Extracted records:
================

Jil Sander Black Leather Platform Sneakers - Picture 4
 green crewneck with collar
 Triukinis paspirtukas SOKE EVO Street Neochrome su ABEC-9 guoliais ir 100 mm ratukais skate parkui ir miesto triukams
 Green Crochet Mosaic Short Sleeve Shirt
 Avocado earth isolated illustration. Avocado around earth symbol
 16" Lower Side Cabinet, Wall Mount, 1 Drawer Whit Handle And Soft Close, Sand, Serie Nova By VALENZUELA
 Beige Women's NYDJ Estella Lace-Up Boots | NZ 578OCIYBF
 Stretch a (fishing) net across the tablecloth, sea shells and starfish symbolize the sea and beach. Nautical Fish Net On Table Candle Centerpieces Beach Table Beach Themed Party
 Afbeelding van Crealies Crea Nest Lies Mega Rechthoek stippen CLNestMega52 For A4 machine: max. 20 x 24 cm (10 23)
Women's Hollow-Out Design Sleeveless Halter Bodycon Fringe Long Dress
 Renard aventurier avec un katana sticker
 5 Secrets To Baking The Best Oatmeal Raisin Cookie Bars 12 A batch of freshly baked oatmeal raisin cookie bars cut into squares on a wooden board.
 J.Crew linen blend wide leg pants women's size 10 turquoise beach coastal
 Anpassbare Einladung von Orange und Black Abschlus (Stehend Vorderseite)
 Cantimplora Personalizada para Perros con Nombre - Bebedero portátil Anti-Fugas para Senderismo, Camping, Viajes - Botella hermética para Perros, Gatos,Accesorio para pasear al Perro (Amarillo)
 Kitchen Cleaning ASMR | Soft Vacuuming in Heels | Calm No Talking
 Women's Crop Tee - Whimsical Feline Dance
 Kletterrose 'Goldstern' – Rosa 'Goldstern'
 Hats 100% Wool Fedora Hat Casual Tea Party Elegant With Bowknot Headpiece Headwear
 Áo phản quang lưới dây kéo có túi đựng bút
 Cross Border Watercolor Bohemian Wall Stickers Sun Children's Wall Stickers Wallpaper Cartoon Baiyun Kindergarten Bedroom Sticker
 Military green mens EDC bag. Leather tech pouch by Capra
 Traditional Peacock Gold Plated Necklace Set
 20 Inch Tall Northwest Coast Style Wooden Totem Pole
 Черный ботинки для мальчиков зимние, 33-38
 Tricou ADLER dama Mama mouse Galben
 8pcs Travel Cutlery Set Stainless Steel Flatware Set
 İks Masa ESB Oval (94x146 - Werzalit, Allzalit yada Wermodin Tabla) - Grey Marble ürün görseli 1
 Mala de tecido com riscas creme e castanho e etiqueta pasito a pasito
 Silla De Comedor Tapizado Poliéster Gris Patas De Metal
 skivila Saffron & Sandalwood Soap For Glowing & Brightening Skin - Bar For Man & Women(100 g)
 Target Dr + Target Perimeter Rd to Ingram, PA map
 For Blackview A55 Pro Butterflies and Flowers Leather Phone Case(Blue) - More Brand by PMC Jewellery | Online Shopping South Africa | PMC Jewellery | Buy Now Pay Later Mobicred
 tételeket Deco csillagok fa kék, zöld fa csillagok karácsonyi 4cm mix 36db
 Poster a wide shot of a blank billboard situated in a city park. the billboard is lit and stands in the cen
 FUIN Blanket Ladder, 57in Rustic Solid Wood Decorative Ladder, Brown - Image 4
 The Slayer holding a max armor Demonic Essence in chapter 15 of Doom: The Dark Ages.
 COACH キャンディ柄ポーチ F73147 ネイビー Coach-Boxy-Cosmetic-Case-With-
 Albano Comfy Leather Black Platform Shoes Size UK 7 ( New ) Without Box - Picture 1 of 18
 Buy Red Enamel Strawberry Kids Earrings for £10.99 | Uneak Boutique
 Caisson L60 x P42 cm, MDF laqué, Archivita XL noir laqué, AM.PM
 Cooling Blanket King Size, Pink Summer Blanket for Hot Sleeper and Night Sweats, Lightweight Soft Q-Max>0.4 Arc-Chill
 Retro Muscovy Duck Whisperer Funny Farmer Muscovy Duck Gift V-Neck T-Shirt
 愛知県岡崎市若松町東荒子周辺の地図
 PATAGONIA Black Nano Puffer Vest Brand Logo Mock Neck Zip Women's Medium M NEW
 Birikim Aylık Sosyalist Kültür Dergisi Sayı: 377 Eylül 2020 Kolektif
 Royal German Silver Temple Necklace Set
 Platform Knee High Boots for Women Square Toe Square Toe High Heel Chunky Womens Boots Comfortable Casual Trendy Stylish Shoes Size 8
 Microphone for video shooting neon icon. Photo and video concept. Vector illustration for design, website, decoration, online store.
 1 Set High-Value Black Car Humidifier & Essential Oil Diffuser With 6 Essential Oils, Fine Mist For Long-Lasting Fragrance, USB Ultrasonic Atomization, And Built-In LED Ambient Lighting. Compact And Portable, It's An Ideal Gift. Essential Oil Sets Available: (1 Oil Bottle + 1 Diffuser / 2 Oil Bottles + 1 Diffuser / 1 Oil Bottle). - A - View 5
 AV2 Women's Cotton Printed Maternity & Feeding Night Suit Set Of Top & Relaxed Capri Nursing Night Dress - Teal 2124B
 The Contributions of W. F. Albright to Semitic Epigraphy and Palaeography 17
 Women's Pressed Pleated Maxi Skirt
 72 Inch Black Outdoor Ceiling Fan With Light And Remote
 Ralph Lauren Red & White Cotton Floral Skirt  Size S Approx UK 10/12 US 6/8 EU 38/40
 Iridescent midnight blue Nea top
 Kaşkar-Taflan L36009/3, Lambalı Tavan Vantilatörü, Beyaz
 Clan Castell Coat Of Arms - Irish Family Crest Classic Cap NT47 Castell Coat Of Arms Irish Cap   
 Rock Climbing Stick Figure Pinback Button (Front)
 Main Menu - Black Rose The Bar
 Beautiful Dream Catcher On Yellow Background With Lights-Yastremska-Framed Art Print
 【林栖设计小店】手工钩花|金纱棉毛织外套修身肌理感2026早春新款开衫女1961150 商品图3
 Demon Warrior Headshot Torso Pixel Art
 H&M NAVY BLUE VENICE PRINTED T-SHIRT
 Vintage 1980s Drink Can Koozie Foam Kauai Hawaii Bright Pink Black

================

All the data needs repeating. Return it exactly.

Jil Sander Black Leather Platform Sneakers - Picture 4
 green crewneck with collar
 Triukinis paspirtukas SOKE EVO Street Neochrome su ABEC-9 guoliais ir 100 mm ratukais skate parkui ir miesto triukams
 Green Crochet Mosaic Short Sleeve Shirt
 Avocado earth isolated illustration. Avocado around earth symbol
 16" Lower Side Cabinet, Wall Mount, 1 Drawer Whit Handle And Soft Close, Sand, Serie Nova By VALENZUELA
 Beige Women's NYDJ Estella Lace-Up Boots | NZ 578OCIYBF
 Stretch a (fishing) net across the tablecloth, sea shells and starfish symbolize the sea and beach. Nautical Fish Net On Table Candle Centerpieces Beach Table Beach Themed Party
 Afbeelding van Crealies Crea Nest Lies Mega Rechthoek stippen CLNestMega52 For A4 machine: max. 20 x 24 cm (10 23)
Women's Hollow-Out Design Sleeveless Halter Bodycon Fringe Long Dress
 Renard aventurier avec un katana sticker
 5 Secrets To Baking The Best Oatmeal Raisin Cookie Bars 12 A batch of freshly baked oatmeal raisin cookie bars cut into squares on a wooden board.
 J.Crew linen blend wide leg pants women's size 10 turquoise beach coastal
 Anpassbare Einladung von Orange und Black Abschlus (Stehend Vorderseite)
 Cantimplora Personalizada para Perros con Nombre - Bebedero portátil Anti-Fugas para Senderismo, Camping, Viajes - Botella hermética para Perros, Gatos,Accesorio para pasear al Perro (Amarillo)
 Kitchen Cleaning ASMR | Soft Vacuuming in Heels | Calm No Talking
 Women's Crop Tee - Whimsical Feline Dance
 Kletterrose 'Goldstern' – Rosa 'Goldstern'
 Hats 100% Wool Fedora Hat Casual Tea Party Elegant With Bowknot Headpiece Headwear
 Áo phản quang lưới dây kéo có túi đựng bút
 Cross Border Watercolor Bohemian Wall Stickers Sun Children's Wall Stickers Wallpaper Cartoon Baiyun Kindergarten Bedroom Sticker
 Military green mens EDC bag. Leather tech pouch by Capra
 Traditional Peacock Gold Plated Necklace Set
 20 Inch Tall Northwest Coast Style Wooden Totem Pole
 Черный ботинки для мальчиков зимние, 33-38
 Tricou ADLER dama Mama mouse Galben
 8pcs Travel Cutlery Set Stainless Steel Flatware Set
 İks Masa ESB Oval (94x146 - Werzalit, Allzalit yada Wermodin Tabla) - Grey Marble ürün görseli 1
 Mala de tecido com riscas creme e castanho e etiqueta pasito a pasito
 Silla De Comedor Tapizado Poliéster Gris Patas De Metal
 skivila Saffron & Sandalwood Soap For Glowing & Brightening Skin - Bar For Man & Women(100 g)
 Target Dr + Target Perimeter Rd to Ingram, PA map
 For Blackview A55 Pro Butterflies and Flowers Leather Phone Case(Blue) - More Brand by PMC Jewellery | Online Shopping South Africa | PMC Jewellery | Buy Now Pay Later Mobicred
 tételeket Deco csillagok fa kék, zöld fa csillagok karácsonyi 4cm mix 36db
 Poster a wide shot of a blank billboard situated in a city park. the billboard is lit and stands in the cen
 FUIN Blanket Ladder, 57in Rustic Solid Wood Decorative Ladder, Brown - Image 4
 The Slayer holding a max armor Demonic Essence in chapter 15 of Doom: The Dark Ages.
 COACH キャンディ柄ポーチ F73147 ネイビー Coach-Boxy-Cosmetic-Case-With-
 Albano Comfy Leather Black Platform Shoes Size UK 7 ( New ) Without Box - Picture 1 of 18
 Buy Red Enamel Strawberry Kids Earrings for £10.99 | Uneak Boutique
 Caisson L60 x P42 cm, MDF laqué, Archivita XL noir laqué, AM.PM
 Cooling Blanket King Size, Pink Summer Blanket for Hot Sleeper and Night Sweats, Lightweight Soft Q-Max>0.4 Arc-Chill
 Retro Muscovy Duck Whisperer Funny Farmer Muscovy Duck Gift V-Neck T-Shirt
 愛知県岡崎市若松町東荒子周辺の地図
 PATAGONIA Black Nano Puffer Vest Brand Logo Mock Neck Zip Women's Medium M NEW
 Birikim Aylık Sosyalist Kültür Dergisi Sayı: 377 Eylül 2020 Kolektif
 Royal German Silver Temple Necklace Set
 Platform Knee High Boots for Women Square Toe Square Toe High Heel Chunky Womens Boots Comfortable Casual Trendy Stylish Shoes Size 8
 Microphone for video shooting neon icon. Photo and video concept. Vector illustration for design, website, decoration, online store.
 1 Set High-Value Black Car Humidifier & Essential Oil Diffuser With 6 Essential Oils, Fine Mist For Long-Lasting Fragrance, USB Ultrasonic Atomization, And Built-In LED Ambient Lighting. Compact And Portable, It's An Ideal Gift. Essential Oil Sets Available: (1 Oil Bottle + 1 Diffuser / 2 Oil Bottles + 1 Diffuser / 1 Oil Bottle). - A - View 5
 AV2 Women's Cotton Printed Maternity & Feeding Night Suit Set Of Top & Relaxed Capri Nursing Night Dress - Teal 2124B
 The Contributions of W. F. Albright to Semitic Epigraphy and Palaeography 17
 Women's Pressed Pleated Maxi Skirt
 72 Inch Black Outdoor Ceiling Fan With Light And Remote
 Ralph Lauren Red & White Cotton Floral Skirt  Size S Approx UK 10/12 US 6/8 EU 38/40
 Iridescent midnight blue Nea top
 Kaşkar-Taflan L36009/3, Lambalı Tavan Vantilatörü, Beyaz
 Clan Castell Coat Of Arms - Irish Family Crest Classic Cap NT47 Castell Coat Of Arms Irish Cap   
 Rock Climbing Stick Figure Pinback Button (Front)
 Main Menu - Black Rose The Bar
 Beautiful Dream Catcher On Yellow Background With Lights-Yastremska-Framed Art Print
 【林栖设计小店】手工钩花|金纱棉毛织外套修身肌理感2026早春新款开衫女1961150 商品图3
 Demon Warrior Headshot Torso Pixel Art
 H&M NAVY BLUE VENICE PRINTED T-SHIRT
 Vintage 1980s Drink Can Koozie Foam Kauai Hawaii Bright Pink Black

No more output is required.